By 8 AM Wednesday, she's back to the land of the living and I'm bleary eyed and severely ill tempered.  This is my day off, the one where I was going to sleep in and work in my garden all day.  I guess not. In lieu, I declared war against all the grass in the cattle's 4 acre pasture. 
It's an odd shaped area with hills and trees everywhere.  Bush hogging isn't feasible in over half of it.  But we have a DR Trimmer monster at the farm.  I pushed that bad boy for three hours. Let Daphne find anymore tall grass!!!
Tommy's mama push mowed 3 acres.  
Because this is what Daphne needs to be eating:
Proper hay with fiber.  
By afternoon, her flanks looked normal again.

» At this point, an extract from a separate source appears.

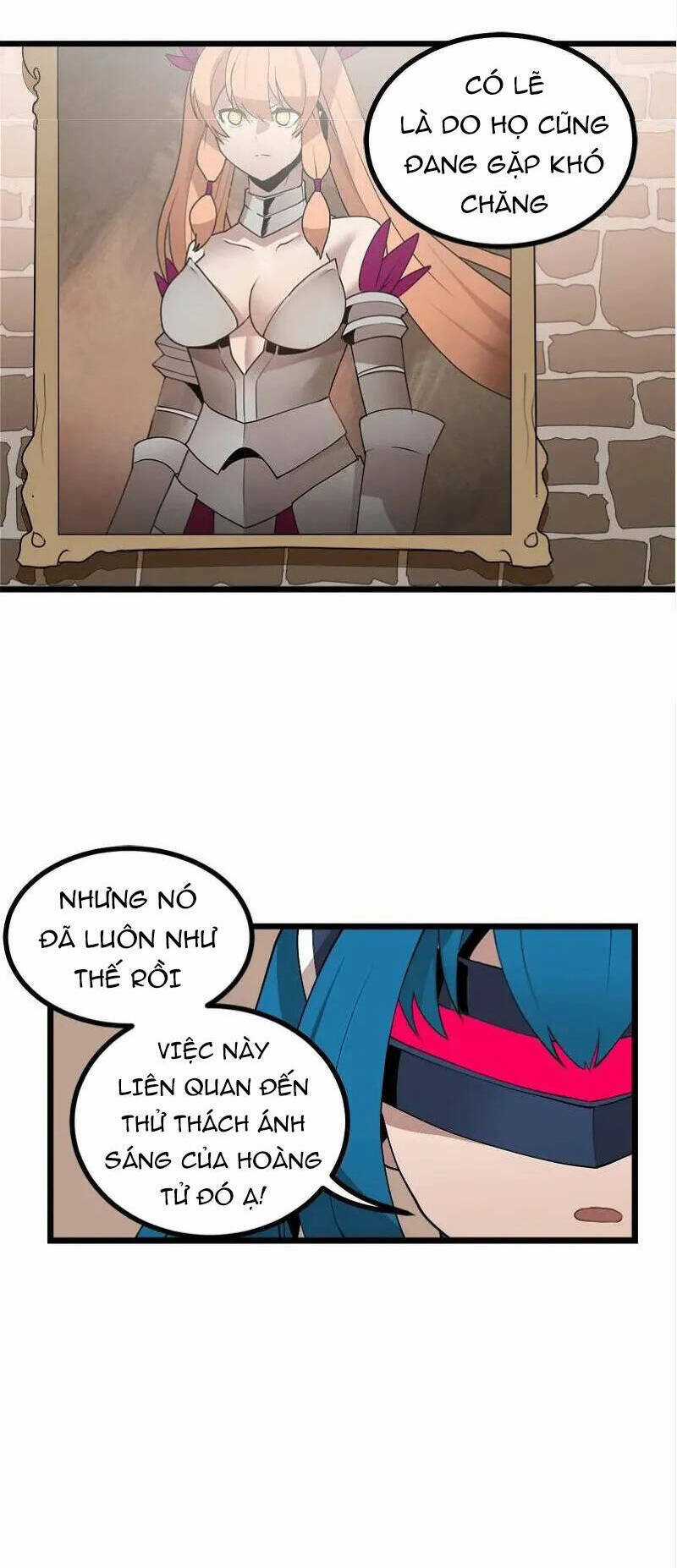 The Dungeon Master Chapter 119 trang 10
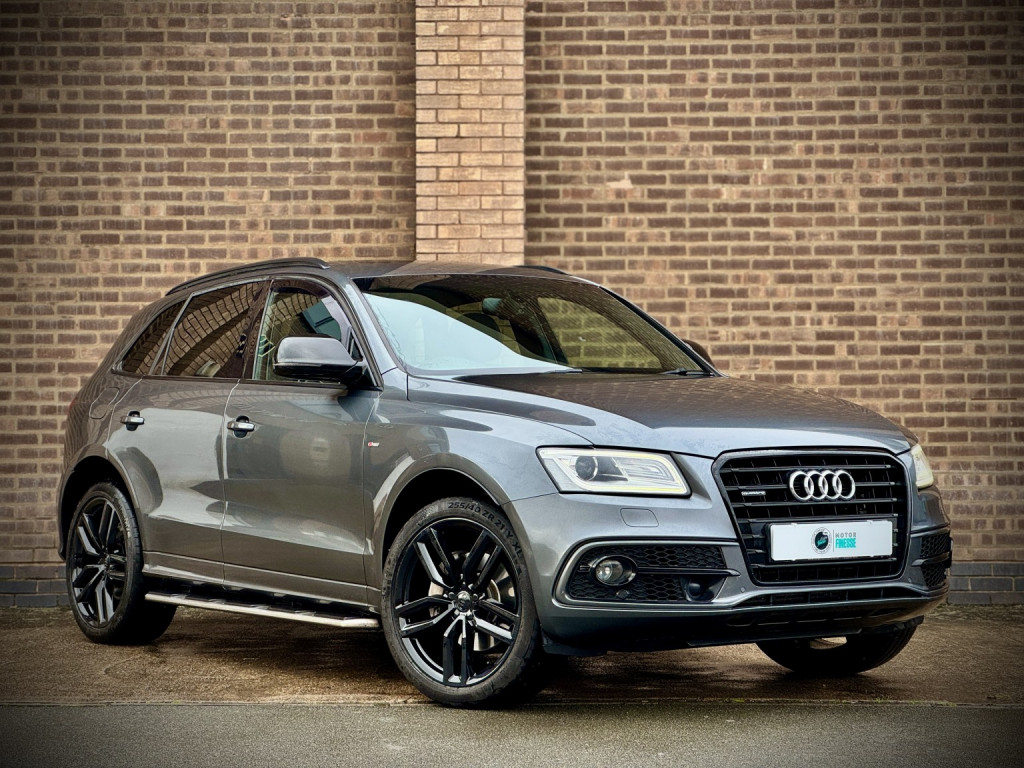 View AUDI Q5 3.0 TDI V6 S line Plus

Still unsure she was out of the woods, I opted to work around their barn all day. I trucked in 15 cu. yards of sand and made them some new softer beds in the barn.
Tommy's inspecting my work.
Does it pass muster?
Tommy says: "thanks".
Daphne says: "that'll be all, you're dismissed".  Yup, she's feeling better, back to her prickly little self.
A whole day hanging around with my cattle, haven't done that in a very long time.  I love my Tommy, Daphne's growing on me...
A sleeping ox, is there anything so beautiful?  Don't argue with me, it's futile.